And like their predecessors who arrived a century ago, they will come to imbibe the Zionist belief that the land was empty; that the Palestinians expelled in 1948, around five million of whom are still languishing in refugee camps, or who are living in different parts of the world and unable to return to their homes, or who are living as prisoners in blockaded Gaza, are threats to their existence as Jews.
No humanitarian gesture
In other words, the same people who only just escaped war, hunger and foreign occupation today will transform overnight into settlers and colonizers. They will simply slot into Israel’s system of institutionalized segregation and discrimination, known as apartheid.
Make no mistake: ordinary Ukrainians are paying the price in a war between two frail empires struggling for dominance and relevance.
But even in this moment of global emergency, in which immediate actions must be taken to save civilian lives in Ukraine, there is absolutely no reason that Palestinians should also be made to bear the costs of this conflict.
Absorbing Jews from around the world is not a humanitarian gesture by Israel; it is a strategic policy. It reinforces Israel as a Jewish homeland.

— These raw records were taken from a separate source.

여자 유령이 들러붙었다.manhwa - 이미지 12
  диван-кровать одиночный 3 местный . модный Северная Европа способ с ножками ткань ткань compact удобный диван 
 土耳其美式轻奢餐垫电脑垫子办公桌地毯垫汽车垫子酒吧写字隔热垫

Israel cannot be allowed to instrumentalize the Russia-Ukraine conflict to populate Palestinian land with more Jews, in order to consolidate what Lana Tatour, professor of settler-colonialism and human rights at the University of New South Wales in Sydney, describes as “demographic superiority”.
But then, a century on, who are we even fooling?
Israel has survived and thrived as a settler-colonial state, and built its legitimacy and credibility as a liberal democracy despite its racist policies, because Britain, France and the US in particular have never recognized Palestinians as relevant, or human, in the first place.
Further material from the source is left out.